One Saturday we showed up at her house unannounced. We found Mother hard at work. Countertops were filled with dishes, the mixer was out, and pies and barbecued ribs were in beginning stages. Suddenly the cost to her of those dinners became apparent. What she so gladly and freely shared with us on Sunday cost her a day of work on Saturday. Never did we hear a murmur of complaint though. I like to think that she was so happy to have us share those Sundays with her that she never thought of complaining.
One of the beauties of God’s grace is how completely He hides from our view the awful price He paid to forgive us for our sins. He never alluded to the cost to Himself.
Think of what it must have meant to God the Father to allow His Son to step out of the glories of Heaven and enter into the form of a dependent infant. He was sending His son to be ignored, hated, and nailed to a cross. Perhaps worse of all, He knew that one day He would have to turn His back on His Son when Jesus hung on the cross. How would most human fathers have felt the day their son left on such a mission?

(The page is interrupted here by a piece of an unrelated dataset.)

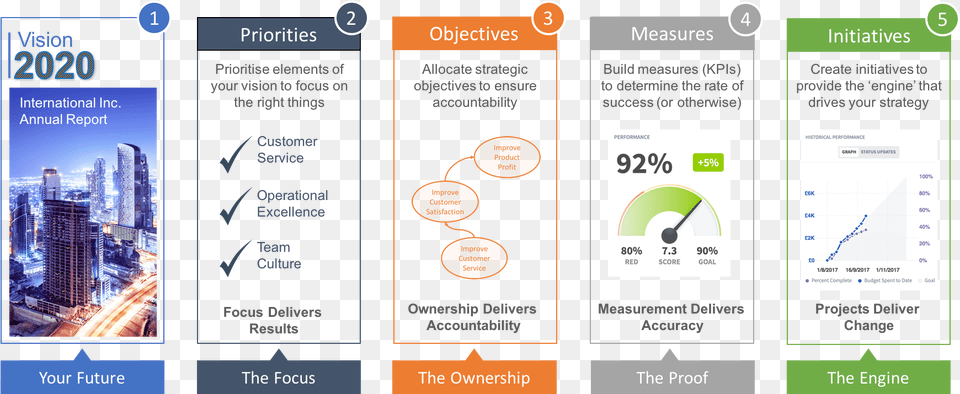 Create A Meaningful Strategy And Kpi Scorecard In Five Strategy Scorecard, Text, City Free Transparent Png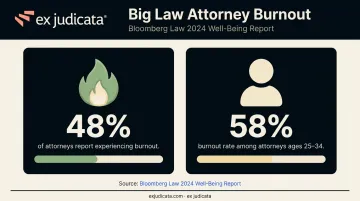 Big Law attorney burnout statistics showing 48 percent burnout rate by age group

How could God let Him leave Heaven knowing what His Son would endure? But even more, how could He do that and celebrate with an extravaganza of joy? Surely the angels were expressing the mood of God when they sang with great exultation: “I bring you good news of great joy that will be for all the people” (Lk. 2:10).
Thank You, Father, for being so exuberant about securing my fellowship.
“For God so loved the world that he gave his only Son, so that everyone who believes in him will not perish but have eternal life” (John 3:16).